10.3.3 Application Modes 111 , 112

When I set about on this project, I had ideas about how this document would look. The decent ideas worked out well. The good ideas were bad, and the unexpected ideas were delightful. I had though that athis section would be very graphical, but the more I work on it, the simpler it seems to be when you split it up in the respective sections. Originally I had wanted to use org tables for nearly everything, but now I question that desire (thought it is a great feature). The mistake that I made was not new to me and is suffered by all macro writers… guessing the solution instead of waiting for experience and extracting it from there. As it turns out, I am human.

  1. Auto Modes 113
    (setq auto-mode-alist
          (append
           '(("\\.scm\\'" . scheme-mode)
             ("\\.rkt\\'" . scheme-mode)
             ("\\.ss\\'" . scheme-mode)
             ("\\.sls\\'" . scheme-mode)
             ("\\.sps\\'" . scheme-mode)
             ("\\.html\\'" . web-mode)
             ("\\.json\\'" . web-mode)
             ("\\.asc" . artist-mode)
             ("\\.art" . artist-mode)
             ("\\.asc" . artist-mode))
           auto-mode-alist))
    
  2. All modes

    Anything that should always happen goes here.
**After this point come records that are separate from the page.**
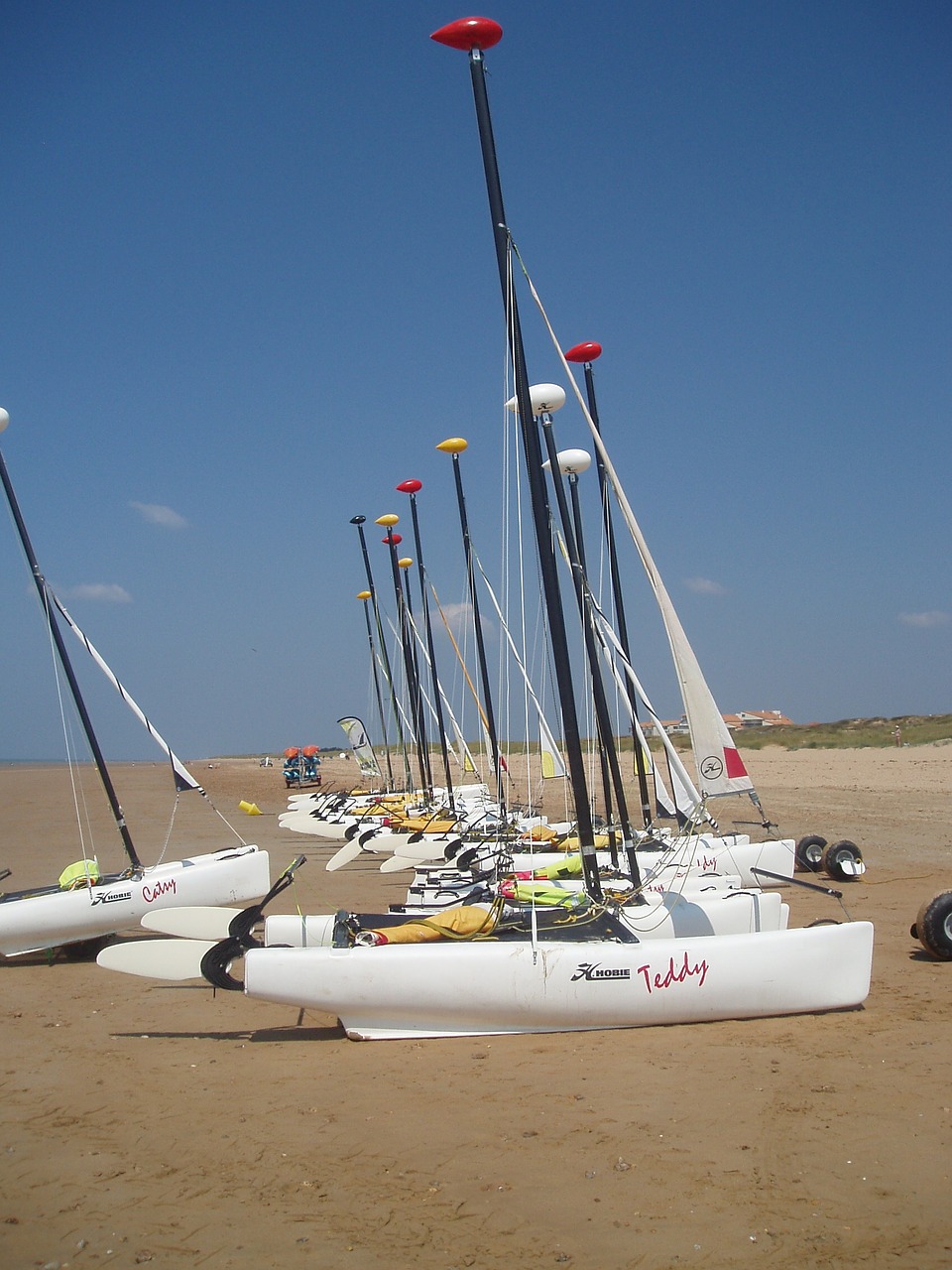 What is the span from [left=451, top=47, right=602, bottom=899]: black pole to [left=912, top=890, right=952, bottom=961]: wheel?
2973mm

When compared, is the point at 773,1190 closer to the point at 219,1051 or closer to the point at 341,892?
the point at 219,1051

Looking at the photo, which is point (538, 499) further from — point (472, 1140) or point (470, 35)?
point (472, 1140)

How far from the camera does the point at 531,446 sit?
9.19 metres

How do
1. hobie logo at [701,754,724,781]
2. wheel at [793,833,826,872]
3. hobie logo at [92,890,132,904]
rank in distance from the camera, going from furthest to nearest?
wheel at [793,833,826,872] → hobie logo at [92,890,132,904] → hobie logo at [701,754,724,781]

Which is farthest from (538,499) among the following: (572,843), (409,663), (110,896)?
(409,663)

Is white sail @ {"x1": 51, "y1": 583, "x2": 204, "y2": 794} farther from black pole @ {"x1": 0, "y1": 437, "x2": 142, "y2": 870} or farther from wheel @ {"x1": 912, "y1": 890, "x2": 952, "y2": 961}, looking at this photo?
wheel @ {"x1": 912, "y1": 890, "x2": 952, "y2": 961}

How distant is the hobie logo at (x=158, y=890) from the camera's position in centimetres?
1100

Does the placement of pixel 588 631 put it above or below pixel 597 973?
above

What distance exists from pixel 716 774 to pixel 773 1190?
12.4 ft

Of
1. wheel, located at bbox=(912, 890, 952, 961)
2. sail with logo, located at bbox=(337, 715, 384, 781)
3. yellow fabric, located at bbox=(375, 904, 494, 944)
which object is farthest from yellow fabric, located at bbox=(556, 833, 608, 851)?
sail with logo, located at bbox=(337, 715, 384, 781)

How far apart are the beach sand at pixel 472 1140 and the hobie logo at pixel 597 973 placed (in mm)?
A: 422

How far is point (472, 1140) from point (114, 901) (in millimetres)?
6792

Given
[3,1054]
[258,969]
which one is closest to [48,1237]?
[258,969]

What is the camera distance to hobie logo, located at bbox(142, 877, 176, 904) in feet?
36.1
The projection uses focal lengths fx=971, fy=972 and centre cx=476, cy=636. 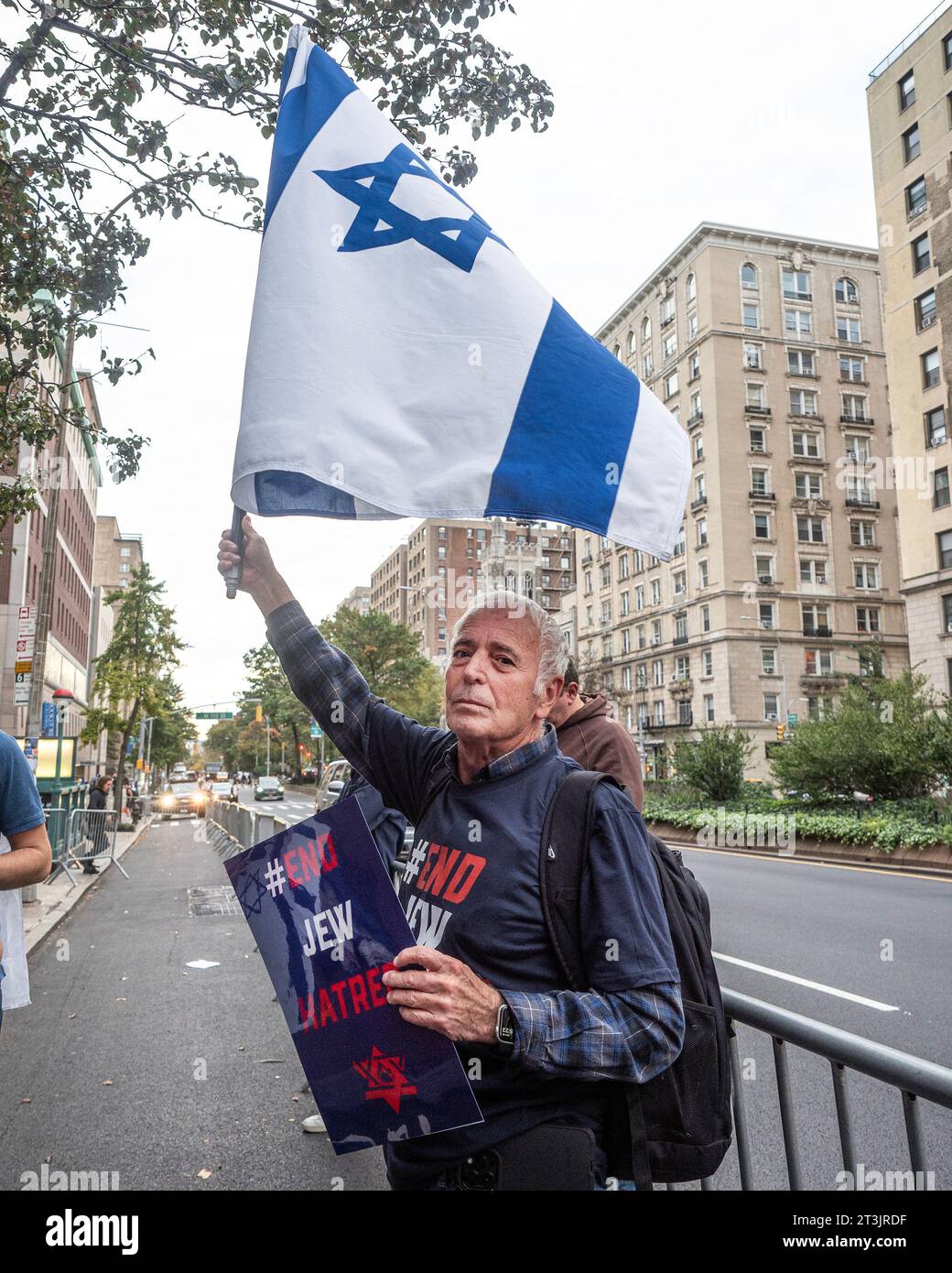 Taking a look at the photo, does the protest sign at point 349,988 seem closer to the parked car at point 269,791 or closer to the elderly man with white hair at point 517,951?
the elderly man with white hair at point 517,951

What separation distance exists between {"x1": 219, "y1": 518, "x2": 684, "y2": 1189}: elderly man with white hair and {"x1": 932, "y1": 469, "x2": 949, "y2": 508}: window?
144 feet

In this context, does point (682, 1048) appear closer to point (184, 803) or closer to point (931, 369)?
point (931, 369)

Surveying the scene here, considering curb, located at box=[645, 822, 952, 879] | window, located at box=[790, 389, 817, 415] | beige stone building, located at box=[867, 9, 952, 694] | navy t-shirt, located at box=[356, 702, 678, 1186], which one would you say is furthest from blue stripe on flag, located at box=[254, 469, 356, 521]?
window, located at box=[790, 389, 817, 415]

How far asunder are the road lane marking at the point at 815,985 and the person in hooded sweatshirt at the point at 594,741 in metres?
3.74

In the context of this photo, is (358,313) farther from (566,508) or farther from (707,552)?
(707,552)

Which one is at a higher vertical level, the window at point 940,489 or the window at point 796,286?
the window at point 796,286

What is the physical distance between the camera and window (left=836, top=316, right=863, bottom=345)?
228ft

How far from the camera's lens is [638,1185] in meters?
1.84

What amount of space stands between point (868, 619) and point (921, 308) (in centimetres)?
2784

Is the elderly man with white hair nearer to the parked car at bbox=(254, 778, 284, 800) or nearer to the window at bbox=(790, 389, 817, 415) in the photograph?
the window at bbox=(790, 389, 817, 415)

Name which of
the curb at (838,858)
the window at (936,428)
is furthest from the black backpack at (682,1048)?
the window at (936,428)

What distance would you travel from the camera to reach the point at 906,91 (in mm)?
44406

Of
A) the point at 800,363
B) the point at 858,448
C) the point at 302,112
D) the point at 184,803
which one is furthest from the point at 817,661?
the point at 302,112

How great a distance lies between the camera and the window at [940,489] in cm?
4126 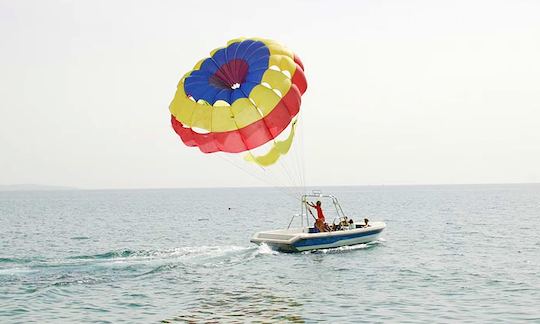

    (add-hook 'before-save-hook 'whitespace-cleanup)
    
  3. Text
    (defun gcr/text-mode-hook ()
      (rainbow-mode)
      (turn-on-real-auto-save)
      (fci-mode)
      (gcr/untabify-buffer-hook))
    
    (add-hook 'text-mode-hook 'gcr/text-mode-hook)
    
  4. Org 114 , 115
    (require 'org)
    
    (defun gcr/org-mode-hook ()
      (fci-mode)
      (gcr/untabify-buffer-hook))
    
    (add-hook 'org-mode-hook 'gcr/org-mode-hook)
    
    (setq org-todo-keywords
          '((sequence "TODO" "IN-PROGRESS" "WAITING" "REVIEW" "DONE")))
    
    (org-babel-do-load-languages
     'org-babel-load-languages
     '((css . t)
       (dot . t)
       (ditaa . t)
       (emacs-lisp . t)
       (js . t)
       (latex . t)
       (org . t)
       (plantuml . t)
       (R . t)
       (scheme . t)
       (sh . t)))
    
    (setq org-confirm-babel-evaluate nil)
    
    (setq org-startup-with-inline-images nil)
    
    (require 'htmlize)
    
    (setq org-completion-use-ido t)
    
    (setq org-footnote-auto-adjust t)
    
    (when (not (string-equal (org-version) "8.2.5h"))
      (display-warning
       'org-mode
       (concat
        "Requirements not met. Expected 8.2.5h. Found " (org-version))
       :emergency))
    
  5. Graphviz 116 , 117 , 118
    (let ((f (concat (cask-elpa-dir)
                     "/graphviz-dot-mode-20120821.1441/graphviz-dot-mode.el")))
      (if (file-exists-p f)
          (load-file f)
        (warn "Could not locate a lib file for Graphviz support: %s" f)))
    
  6. Lispy
    (defconst lispy-modes '(emacs-lisp-mode-hook
                            ielm-mode-hook
                            lisp-interaction-mode-hook
                            scheme-mode-hook
                            geiser-repl-mode-hook))
    
    (dolist (h lispy-modes)
      (add-hook h 'rainbow-mode))
    
    (dolist (h lispy-modes)
      (when (not (member h '(ielm-mode-hook)))
        (add-hook h 'turn-on-pretty-mode)
        (add-hook h 'gcr/newline)
        (add-hook h 'turn-on-real-auto-save)
        (add-hook h 'gcr/untabify-buffer-hook)
        (add-hook h 'gcr/disable-tabs)
        ; Adds 3 characters to newlines in org-html-export-to-html
        ; (add-hook h 'fci-mode)
        (add-hook h 'hs-org/minor-mode +1)))
    
  7. Emacs Lisp

    Make it obvious whether or not it is lexically scoped 119 or not and don't show that message whenever you enter a scratch buffer 120.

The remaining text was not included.